> Exercise description: Retype every line from the one containing "A teal notebook" through the last line of the records below, both included; leave out the pictures.

(Stored records)
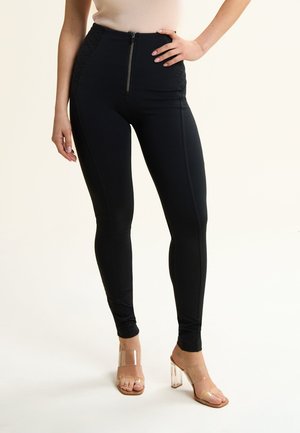 Leggings neri a vita alta realizzati in tessuto elastico, con una zip frontale e dettagli trapuntati sui lati. Sandali con tacco trasparente completano il look.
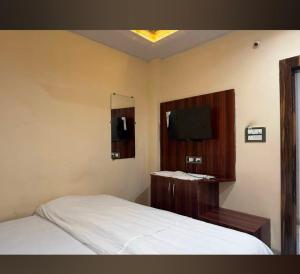 ウッジャインにあるHotelShreesanwariyapalaceの白いベッドとテレビのある寝室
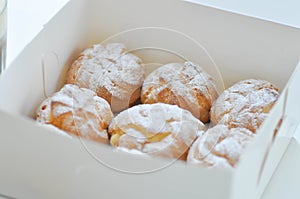 Choux cream or cream puff, eclair in the box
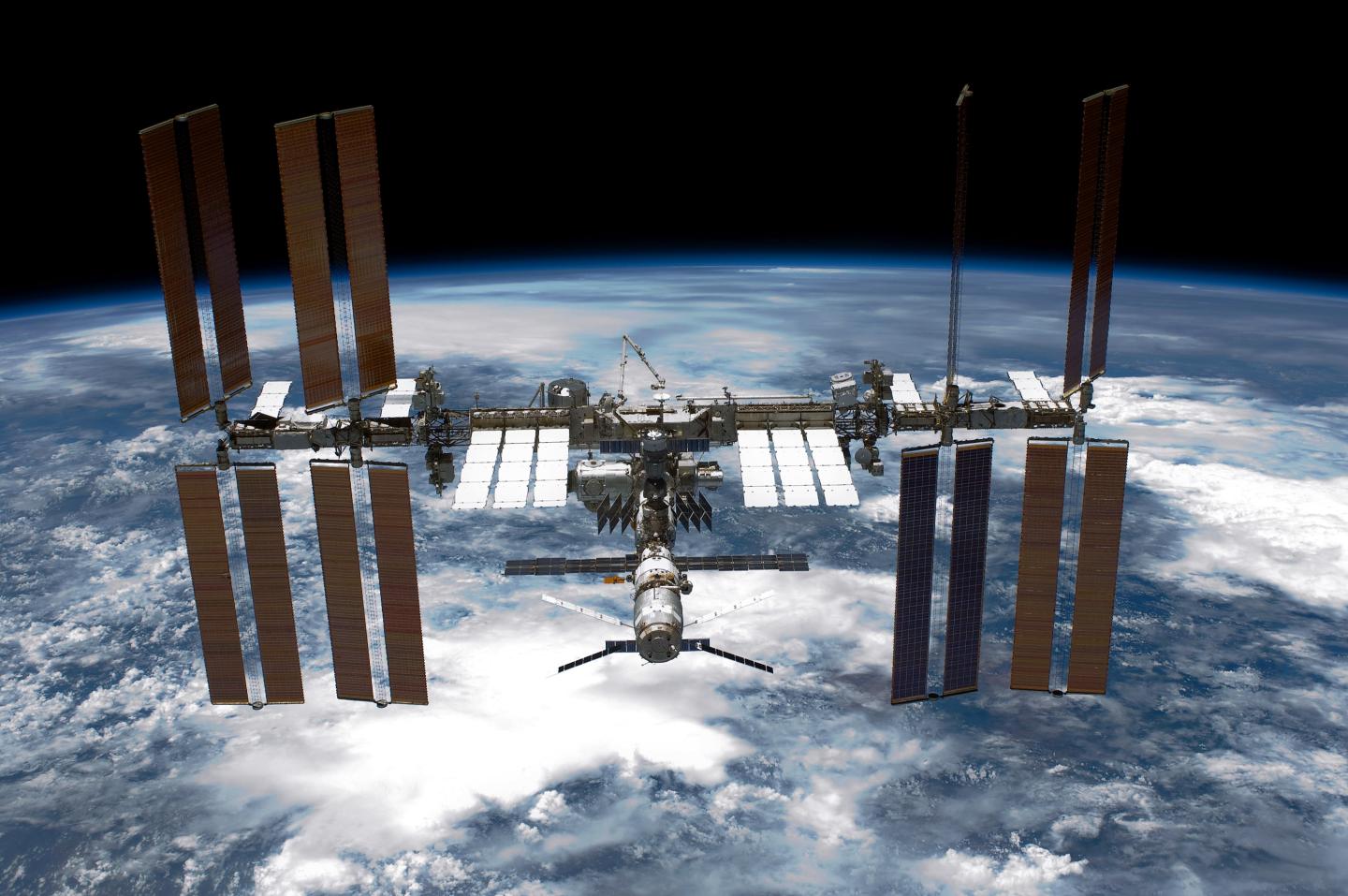 IN SPACE - MAY 29:  In this handout provided by National Aeronautics and Space Administration (NASA), back dropped by planet Earth the International Space Station (ISS) is seen from NASA space shuttle Endeavour after the station and shuttle began their post-undocking relative separation May 29, 2011 in space. After 20 years, 25 missions and more than 115 million miles in space, NASA space shuttle Endeavour is on the last leg of its final flight to the International Space Station before being retired and donated to the California Science Center in Los Angeles. Capt. Mark E. Kelly, U.S. Rep. Gabrielle Giffords' (D-AZ) husband, has lead mission STS-134 as it delivered the Express Logistics Carrier-3 (ELC-3) and the Alpha Magnetic Spectrometer (AMS-2) to the International Space Station. (Photo by NASA via Getty Images)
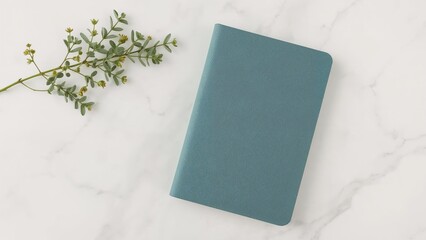 A teal notebook rests on a marble surface, accompanied by a sprig of greenery.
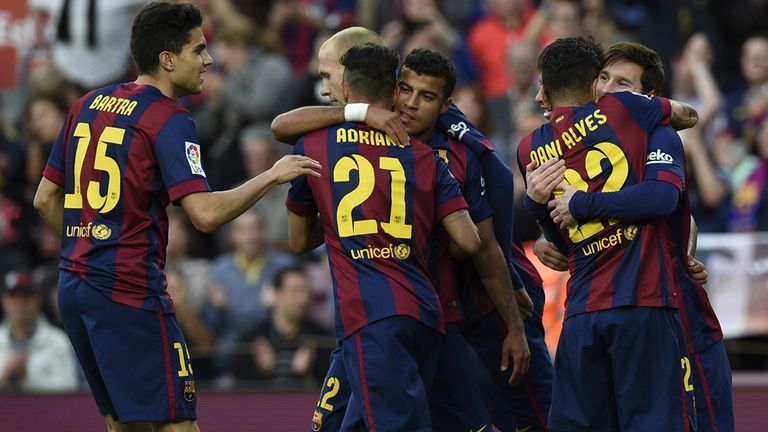 Barcelona's players celebrate after scoring against Getafe 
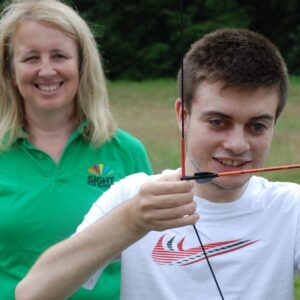 Volunteer Liz with Lee Roake who Sight for Surrey has supported since he was three years old, trying his hand at archery.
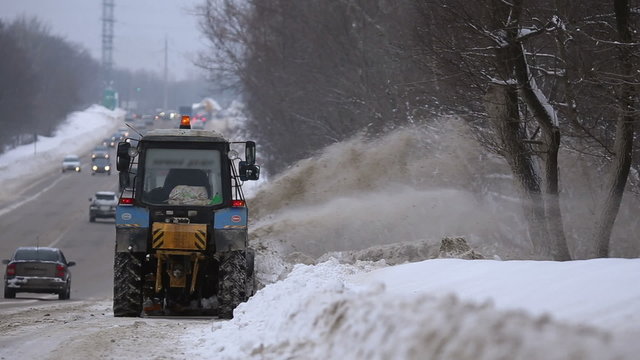Tractors of road service clean up the snow from the roadside and throw it away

> Solution for this problem:
 A teal notebook rests on a marble surface, accompanied by a sprig of greenery.
 Barcelona's players celebrate after scoring against Getafe 
 Volunteer Liz with Lee Roake who Sight for Surrey has supported since he was three years old, trying his hand at archery.
Tractors of road service clean up the snow from the roadside and throw it away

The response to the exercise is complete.